Guest speaker Allen Tran, PharmD ’11, clinical knowledge project manager at MedStar Health, continued the theme, sharing advice about professional and career development that he wished he had been given when he was a first-year student pharmacist at the School. He encouraged members of the Class of 2018 to embrace their roles as teachers, overcome both personal and professional challenges, take proactive measures to manage the unknown, and develop a support network.
“The School will give you the foundation that you need to succeed, but it is up to you to take the initiative and take advantage of all the opportunities that you will have to develop these skills,” said Tran. “Pharmacy is a very progressive field. We need individuals who can pave the way, set an example, and shatter expectations for the profession. When you graduate in four years, you will possess a wide range of skills to do just that. Use them, apply them, and help move pharmacy forward.”
After crossing the stage and signing the Student Honor Code, Idris and his classmates recited the School’s Pledge of Professionalism, committing themselves to building and reinforcing a professional identity founded on integrity, ethical behavior, and honor.
“Although attending the School of Pharmacy allows me to pursue a dream that I have postponed for many years, I have come to realize that success in life does not always revolve around personal dreams,” says Idris, who hopes to combine the disciplines of medicine, public health, and pharmacy to improve health care and pharmaceutical regulations in Sudan, once he is able to return. “Instead, success can best be measured by how helpful we are to others.”
He adds, “As health care providers, we will be faced with difficult decisions every day.
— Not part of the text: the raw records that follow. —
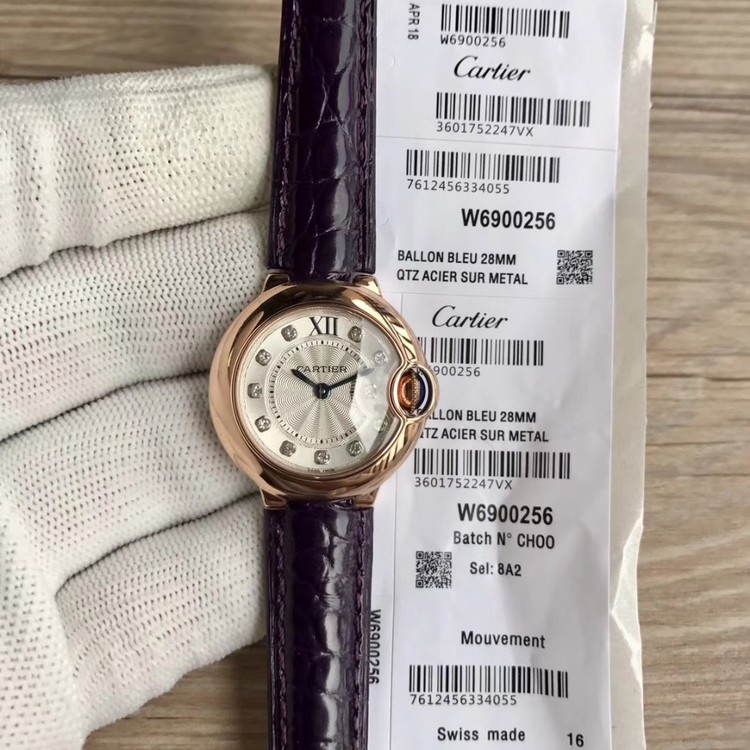 3A공장 까르띠에 발롱블루 28mm 로즈골드금장 화이트기요쉐다이얼 다이아몬드인덱스 퍼플엘리스트랩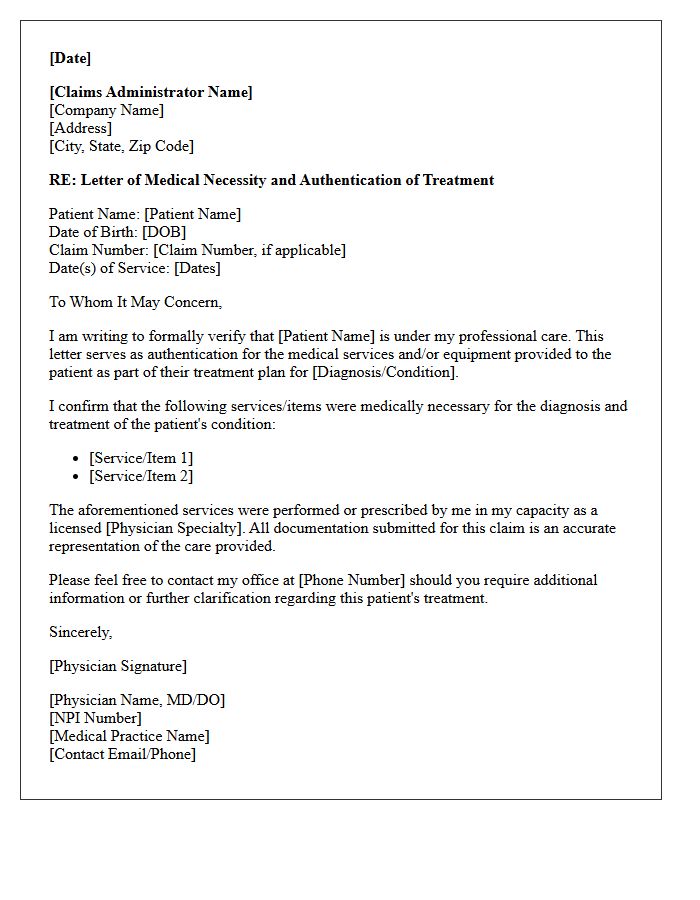 Letter Verifying Physician Authentication for Claim Substantiation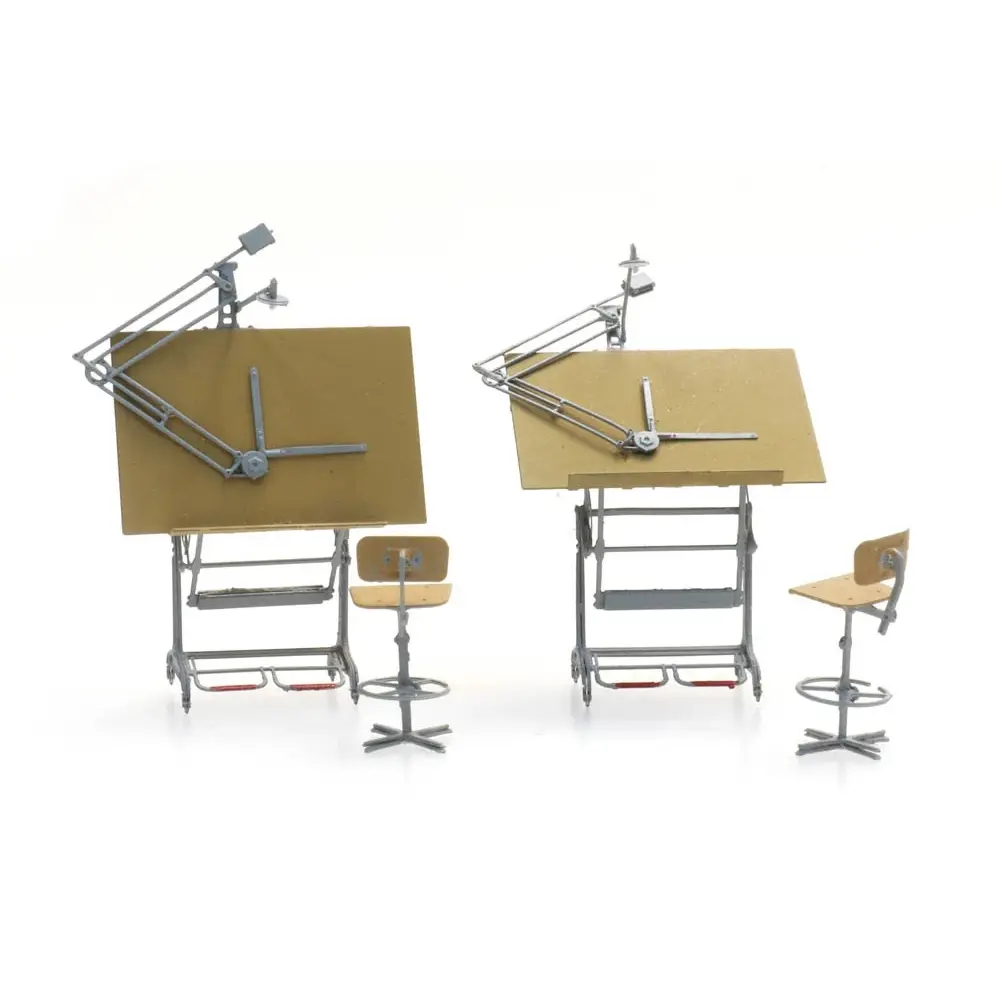 2 tables et chaises d'architecte, prêt à l'emploi - Artitec 387.474 - HO 1/87 - 3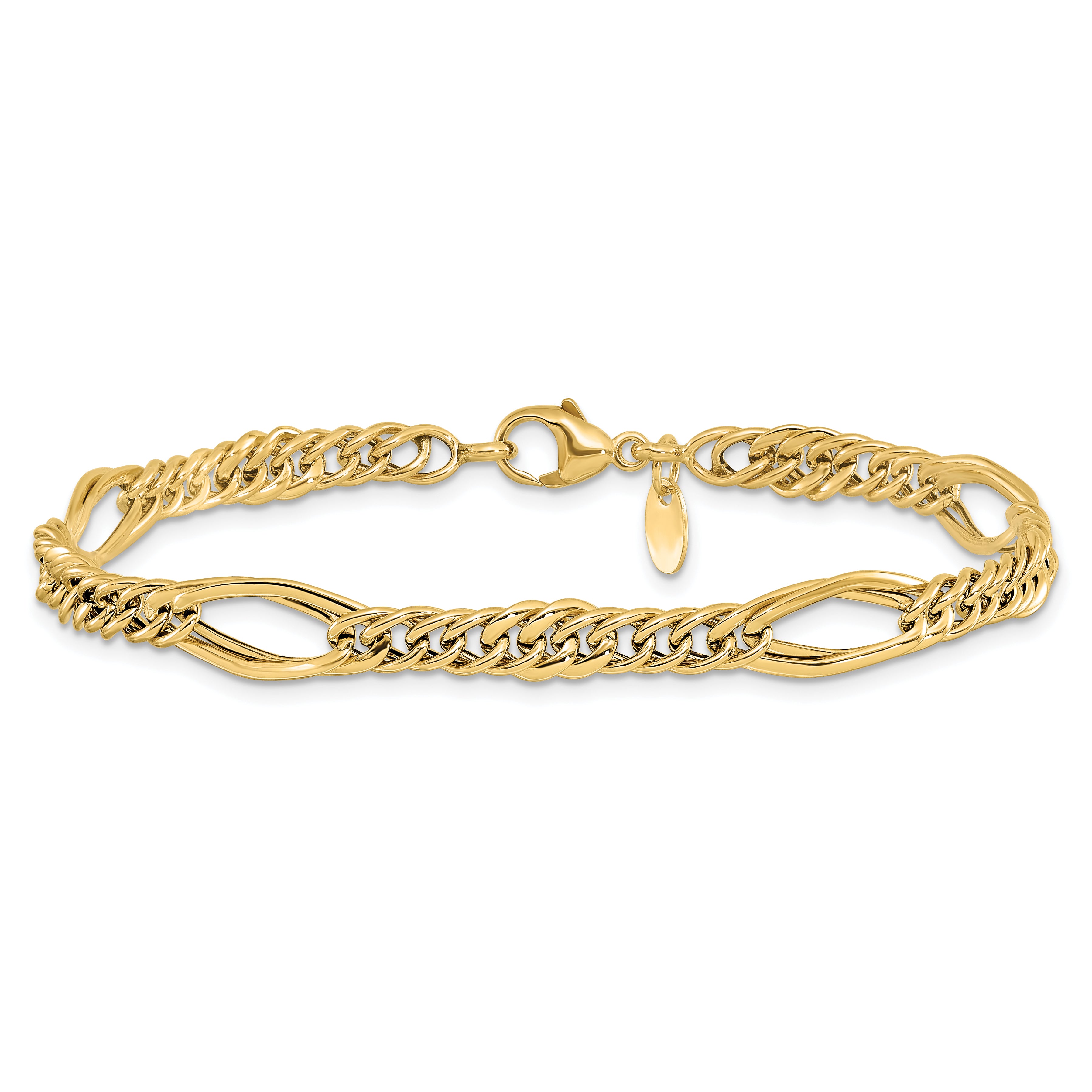 10k Polished Fancy Link Bracelet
If we make those decisions based only on the benefits to us, we may make the wrong decision. Instead, our choices must be based on high moral and ethical standards, such as those to which we committed during the White Coat Ceremony. We must understand that our patients come first, and that we cannot turn our backs on them, especially in times of potentially devastating outbreaks or political instability. It is our duty to use the education and skills that we have to help improve the lives of others.”